America’s Palestinian Policy in Free Fall

In truth, American Palestinian policy went bankrupt long ago, with the flop of the August 2000 US-Palestinian-Israeli summit convened at Camp David by President Bill Clinton. Yasser Arafat rejected Israeli prime minister Ehud Barak package of broad concessions for peace and went straight back home to launch his suicide terror war against Israel. President George W. Bush, who came next, was the first American president to accept the establishment of a Palestinian state. But since then, he has been forced to stick patch after patch on the basic garment to make his Palestinian blueprint fit into the big picture of US Middle East strategy.

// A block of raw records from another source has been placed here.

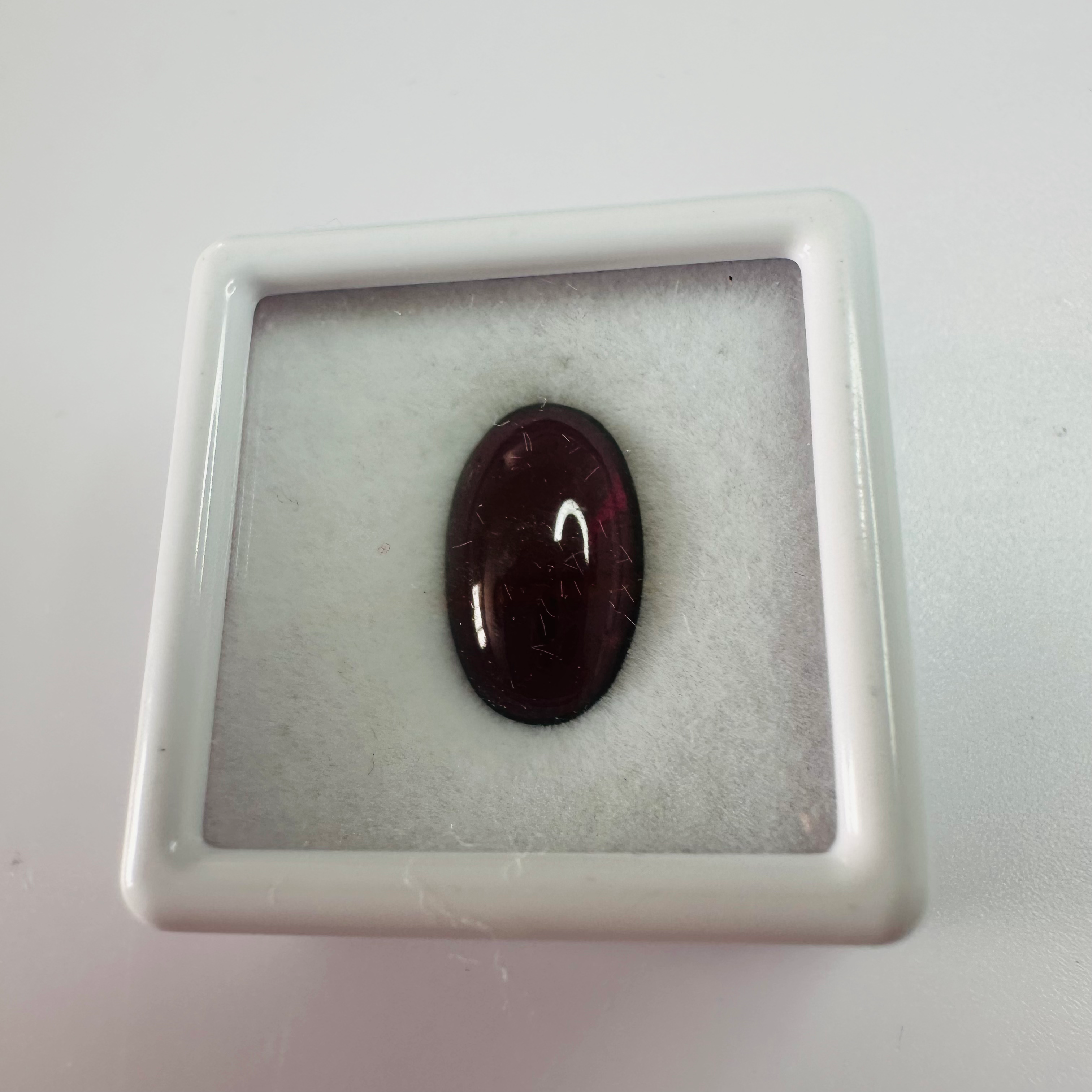 GARNET OVAL CAB 13.8MMX8.3MM  4.01CTS image 3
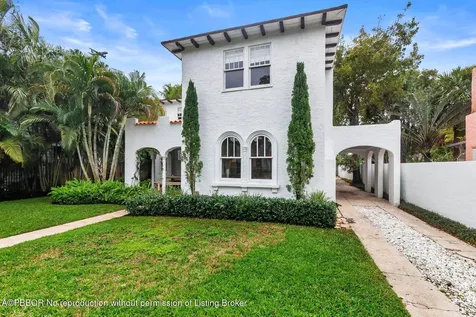 306 Marlborough Place West Palm Beach FL 33405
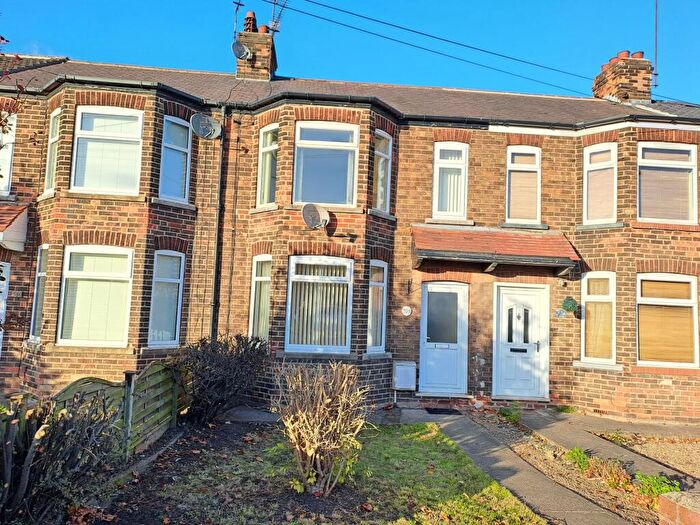 2 Bedroom Terraced House For Sale In Willerby Road, Hull, HU5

Now there is nowhere else to stick any more patches.


The Palestinian Authority first mortally wounded by the January election of the terrorist organization Hamas, is now dead in the water, after Israel rounded up 87 Hamas office-holders and lawmakers. Most of the political and municipal bodies of the West Bank and Gaza Strip are non-functional. But the worst setback of all to Washington’s plans is the phased eclipse of its men in Ramallah, Mahmoud Abbas, Muhammed Dahlan and Kadoura Fares, as figures of influence on the Palestinian scene.


The coup de grace was the Gaza crisis following the June 25 Hamas attack on an army post and abduction of an Israeli soldier, and the mass arrest of Hamas’s political leaders on the West Bank. The Hamas ministers still at large in Gaza led by PM Ismail Haniyeh, have all gone into hiding.


The only Palestinian figure with a vestige of credibility is the Fatah leader Marwan Barghouti, who sits in an Israeli jail after being convicted of orchestrating multiple terrorist murders.


The Israeli-Palestinian conflict has not been the most pressing item on the Bush agenda for some time, but that was only as long as it sputtered feebly. This week, the flames of war shot up and threatened to ignite Syria too. A strong sense of urgency was suddenly injected into Washington’s perception of the conflict, for the following reasons:


One, the Israel-Palestinian clash threatens to spread outward to other parts of the Middle East.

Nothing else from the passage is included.